Participatory Budgeting Optimization – Cornell Tech
Worked with the NYC Civic Engagement Commission’s Chief Innovation Offer to boost civic engagement in participatory budgeting initiatives through novel data analysis and web-design techniques.
The project entailed analyzing budget proposal ideas, visualizing them on a map of NYC, and conducting sentiment analysis across boroughs of common community concerns.
Main methods employed include sentiment analysis, geographic mapping, & web-based visualization using NLTK, Folium, HTML, CSS, and JavaScript.


DataTool.tech
Your answer to visualizing your dataset and ensuring data quality.
DataTool.tech is an affordable and interactive AI-based online data quality platform which cleanses and visualizes uploaded datasets. Includes custom GPT with chat functionality.
Main methods employed include website design, prompt engineering, Python visualization techniques using ReactJS & Express.js.
Analyzing Gun Violence in Chicago
A 60-paged report exploring 60,000+ instances of gun-violence in Chicago through risk factors such as educational attainment, race, age-group, and geographical location.
Discovered upticks in gun violence during summer months and developed a regression model to predict one’s chances of experiencing gun-violence based on risk factors. Includes geographical distribution of gun crime, distributions of crime by demographic, and various binomial regression models to measure crime victim likelihood.
Main methods employed include machine learning regression models and evaluation techniques in hypothesis testing (T-Tests, F-Tests, KDEs) and model significance (MAE & RMSE), using Scikit-Learn, Statsmodels, Matplotlib, & Pandas.


Financial Data Science – Stock Market Trend Analysis
A data-driven approach to exploring the seasonality of the stock market.
The report contains technical indicator calculations, seasonality index charts, and vibrant heat maps showing price changes.
Main methods employed include stock and price visualizations using Seaborn.

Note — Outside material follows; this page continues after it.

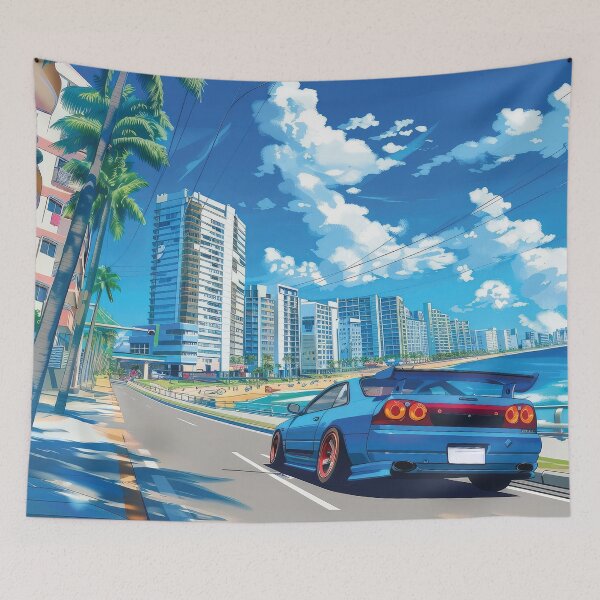 Item preview, cool car on coast anime illustration designed and sold by Mauswohn.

Financial Data Science – Stock Market Recommender and Predictor
A homegrown model which visualizes tickers and corresponding technical indicators, and provides advice on stock trades based on trading strategy.
The model includes web scraped data, technical and fundamental indicators, price visualizations, homegrown trading strategies, and a backtesting algorithm to evaluate such strategies.

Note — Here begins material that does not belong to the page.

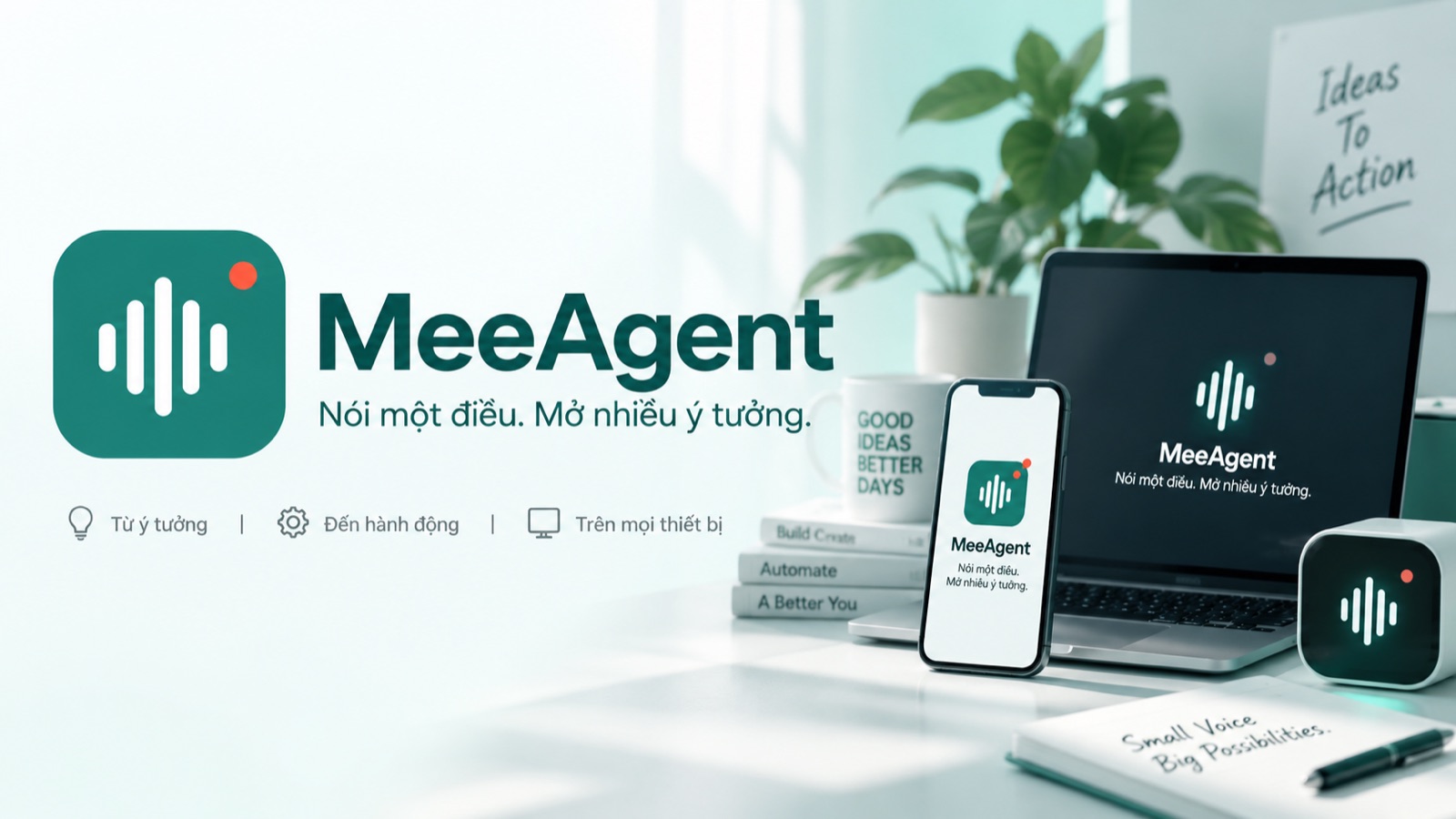 MeeAgent trên điện thoại, máy tính và loa để bàn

Main methods employed include technical indicator calculations, web scraping, price visualizations, and backtesting using Math, Pandas, yFinance, Matplotlib, & Backtester.


Data Science Consulting – PDF Parser
Worked with a college consultancy firm to automate data gathering from 9000+ student CommonApp application PDFs.
Main methods employed include tokenization, text parsing and extraction, and data frame design using Pandas, Regex, & PDF Query.